Jung Mette H, Hassager Christian, Balling Louise, Russell Stuart D, Boesgaard Soeren, Gustafsson Finn
From the *Department of Cardiology, Rigshospitalet, Copenhagen, Denmark; and †Department of Cardiology, Johns Hopkins Hospital, Baltimore, Maryland.
ASAIO J. 2015 May-Jun;61(3):307-12. doi: 10.1097/MAT.0000000000000194.
Pulmonary capillary wedge pressure (PCWP) is the key to describing left ventricular (LV) unloading; however, the relation between pressure and the echocardiography-derived surrogate of LV volume (LV end-diastolic diameter [LVEDD]) as a function of pump speed (revolutions per minute [RPM]) in continuous-flow LV assist device (CF-LVAD) patients is unknown. In this study, the pressure-volume relation as a function of RPM during ramp testing was investigated by simultaneously measuring PCWP by Swan-Ganz catheter and LVEDD by echocardiography. The ramp protocol started at usual pump setting (ramp-base) and then went from 8,000 RPM (ramp-low) increasing by 400 RPM/5 minutes until reaching 12,000 RPM or suction/arrhythmic event (ramp-high). The study was finalized by a 25 Watt exercise test at two ramp steps. Ten patients with ramp-base of 9,300 ± 241 RPM (at which 3 of 10 had aortic valve opening) were examined. At ramp-low, ramp-base, and ramp-high, PCWP was 20 ± 4, 14 ± 4, and 7 ± 3 mm Hg (p < 0.001 for all comparisons) and LVEDD 6.6 ± 1.0, 6.7 ± 0.9, and 5.5 ± 1.7 cm (p < 0.05 for all comparisons but ramp-low versus ramp-base). Correlation between PCWP and LVEDD slopes; R = 0.53 (p = 0.02). In conclusion, PCWP as a function of RPM is weakly correlated with changes in LVEDD. Thus, LVEDD is not an accurate measure of unloading in CF-LVAD patients.

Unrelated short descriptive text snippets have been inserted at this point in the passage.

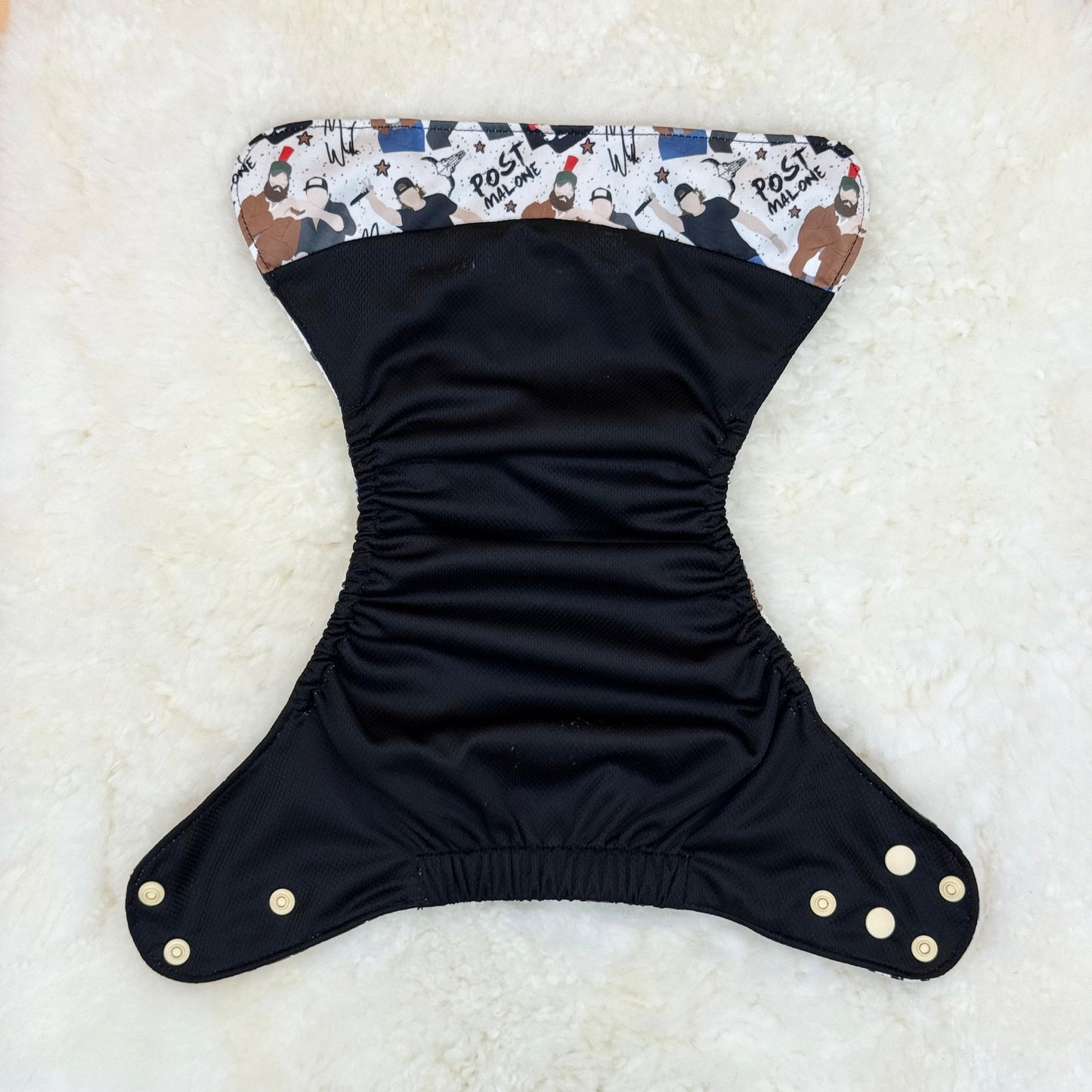 Lavender & Vervain Post Malone AWJ Pocket Diaper
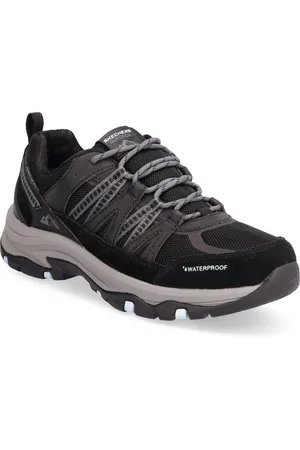 Skechers Womens Relaxed Fit Trego Lookout Point Waterproof Sport Sneakers Low-top Sneakers Multi/patterned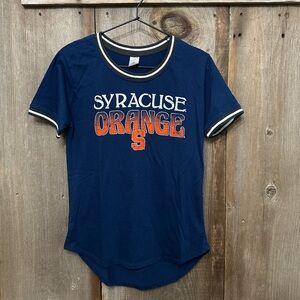 Sideline Apparel Syracuse Orange Officially Licensed Fanwear Ladies Top Medium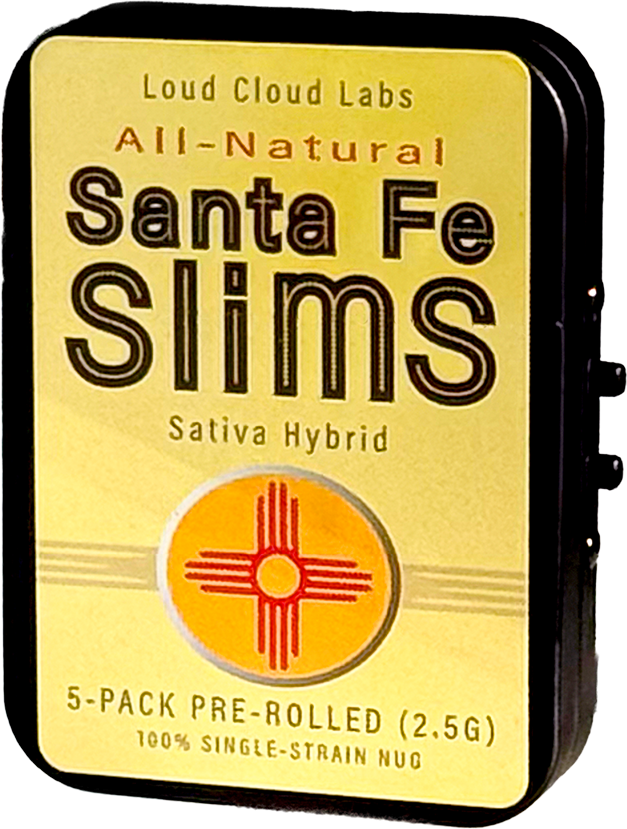 Santa Fe Slims 5-pack pre-rolled tin by Loud Cloud Labs — Albuquerque dispensary
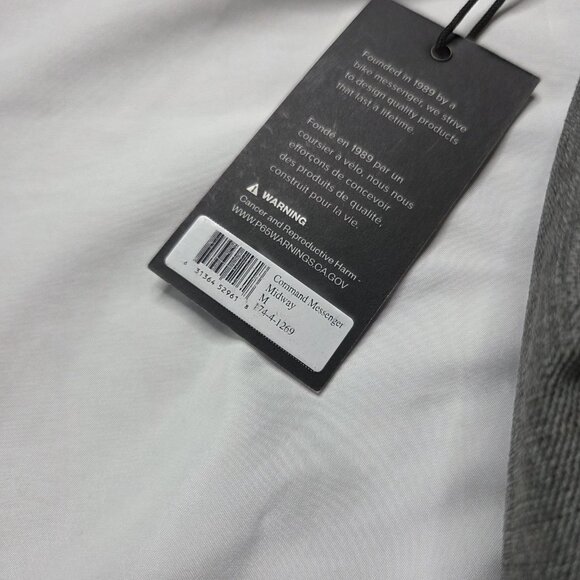 Timbuk2 Command Messenger Midway Bag NWT Gray - Picture 4 of 6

肺毛细血管楔压(PCWP)是描述左心室(LV)卸载情况的关键指标;然而,在持续流左心室辅助装置(CF-LVAD)患者中,压力与通过超声心动图得出的左心室容积替代指标(左心室舒张末期直径[LVEDD])之间随泵速(每分钟转数[RPM])变化的关系尚不清楚。在本研究中,通过使用Swan-Ganz导管同步测量PCWP以及通过超声心动图测量LVEDD,研究了斜坡测试期间压力-容积关系随RPM的变化情况。斜坡方案从通常的泵设置(斜坡基线)开始,然后从8000 RPM(斜坡低)开始,以每分钟400 RPM的速度增加,持续5分钟,直至达到12000 RPM或出现抽吸/心律失常事件(斜坡高)。该研究通过在两个斜坡步骤进行的25瓦运动测试完成。对10名斜坡基线为9300±241 RPM(其中10人中有3人主动脉瓣开放)的患者进行了检查。在斜坡低、斜坡基线和斜坡高时,PCWP分别为20±4、14±4和7±3 mmHg(所有比较p<0.001),LVEDD分别为6.6±1.0厘米、6.7±0.9厘米和5.5±1.7厘米(除斜坡低与斜坡基线比较外,所有比较p<0.05)。PCWP与LVEDD斜率之间的相关性;R = 0.53(p = 0.02)。总之,PCWP随RPM的变化与LVEDD的变化呈弱相关。因此,LVEDD并非CF-LVAD患者卸载情况的准确测量指标。